Marble Season was specifically mentioned in the PEN USA Literary Award Hernandez won in 2013 for lifetime achievement in graphic literature. Yet Julio’s Day, published a few months before Marble Season, is even more dazzling in its treatment of time. We track its long-lived Mexican-American protagonist from birth to death—100 years that, as Brian Evanson notes in his Introduction, are also the “life of a century”—beginning in 1900 and ending in 2000. But in remarkable time compression, each year is highlighted in just one page! Akin to time-lapse photos, these graphic “snapshots” show dramatic changes in characters’ appearance and encompass four generations. Hernandez’s inclusion of an introductory graphic legend—a page identifying characters’ faces in different stages of life and their family connections—is very useful. Julio’s Day, like Marble Season, omits all panel boxes which traditionally might mark time or comment upon events. Instead, throughout the book, Hernandez employs different sizes and configurations of rectangular panels to spotlight each ‘day’s’ events.

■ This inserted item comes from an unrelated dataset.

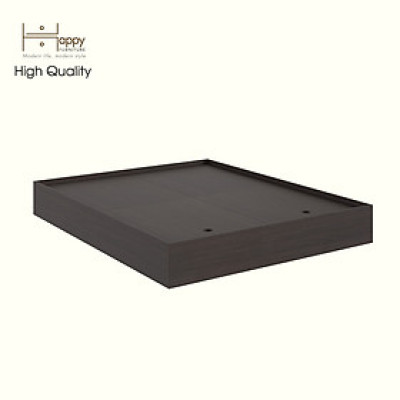 HAPPY FURNITURE , Giườngngủ RUBEL, GNG_226 GNG_227 GNG_228 GNG_229 , 203cm x 26cm DxC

Julio's DayFrom the first, totally black panel (which turns out to be the interior of newborn Julio’s wailing mouth) to the final totally black panel (the interior of centenarian Julio’s gaping mouth, as he lies dying), we are transfixed by Hernandez’s dramatic uses of black and white. A page of looming, ever-growing storm clouds needs no words to convey young Julio’s dismay after his first day of school. His joy in learning has been destroyed along with the book school bullies rip from his hands as they torment and humiliate him, too. Later, we see how 20th century landmark events—the Depression, droughts, wars, and social upheavals such as the civil and gay rights movements—affect Julio’s extended family. Sadly, unlike a gay great-nephew who lives openly and happily with his partner, Julio himself remains a closeted homosexual, finally denying his only lover and never admitting or acting on his strong feelings for lifelong-friend Tommy.

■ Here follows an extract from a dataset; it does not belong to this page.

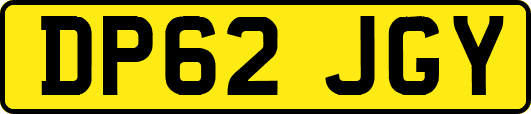 DP62JGY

Julio's DayOther family secrets are hinted at through elliptical comments and visual cues that readers must ‘piece together’ for ourselves. One involves the child abuse perpetrated on several generations by Julio’s Uncle Juan. One of Julio’s other great-nephews finally exacts brutal justice on the elderly Juan. Another family mystery is the reason for a difficult journey young Julio’s father undertakes early in the novel. It appears that in this good Catholic family he is a practicing crypto-Jew, a descendent of Jews who escaped the Spanish Inquisition by hiding their true beliefs. Does Julio’s mother exact a terrible price for what is in her eyes heresy, or is what happens to her husband merely bad luck? Teen readers will draw their own conclusions as they read this engrossing, melodramatic but also believable family saga.

As 2014 begins, I look forward to another year of great reading. Even as these years seem to zip by too quickly now, I am comforted by another observation made by neuroscientist David Eagleman: Smaller-bodied creatures, with shorter pathways to the brain than big ones, get more from and live more in each moment than larger critters. I have never been happier to be a petite 4” 11”!